* Data in this exercise *
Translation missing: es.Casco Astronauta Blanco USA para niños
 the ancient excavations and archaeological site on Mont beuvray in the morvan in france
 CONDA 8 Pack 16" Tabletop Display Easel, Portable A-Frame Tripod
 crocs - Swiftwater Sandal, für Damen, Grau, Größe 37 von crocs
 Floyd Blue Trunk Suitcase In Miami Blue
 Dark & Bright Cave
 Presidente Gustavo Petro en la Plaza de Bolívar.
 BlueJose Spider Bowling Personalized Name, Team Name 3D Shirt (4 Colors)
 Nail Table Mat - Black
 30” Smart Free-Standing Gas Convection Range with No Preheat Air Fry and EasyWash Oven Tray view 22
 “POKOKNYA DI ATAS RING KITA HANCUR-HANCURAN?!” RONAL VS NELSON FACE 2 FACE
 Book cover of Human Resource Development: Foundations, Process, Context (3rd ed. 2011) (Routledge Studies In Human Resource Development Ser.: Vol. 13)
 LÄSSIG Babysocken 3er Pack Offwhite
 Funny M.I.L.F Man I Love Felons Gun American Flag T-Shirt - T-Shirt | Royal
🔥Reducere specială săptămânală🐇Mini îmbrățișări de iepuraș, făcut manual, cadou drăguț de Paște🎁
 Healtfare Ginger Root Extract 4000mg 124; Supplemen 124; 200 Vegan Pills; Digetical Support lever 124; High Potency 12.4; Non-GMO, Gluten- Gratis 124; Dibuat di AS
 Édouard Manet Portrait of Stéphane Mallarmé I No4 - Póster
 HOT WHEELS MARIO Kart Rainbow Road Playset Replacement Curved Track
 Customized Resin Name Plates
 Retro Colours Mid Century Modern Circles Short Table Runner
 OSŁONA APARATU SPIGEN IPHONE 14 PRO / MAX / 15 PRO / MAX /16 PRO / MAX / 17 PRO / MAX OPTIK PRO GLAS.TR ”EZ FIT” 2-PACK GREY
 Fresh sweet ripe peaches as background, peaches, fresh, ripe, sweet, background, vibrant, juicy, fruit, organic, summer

* Your goal *
Looking at the entries, work out how many lines include the word "Shirt" and give the number by itself.

* Reply *
2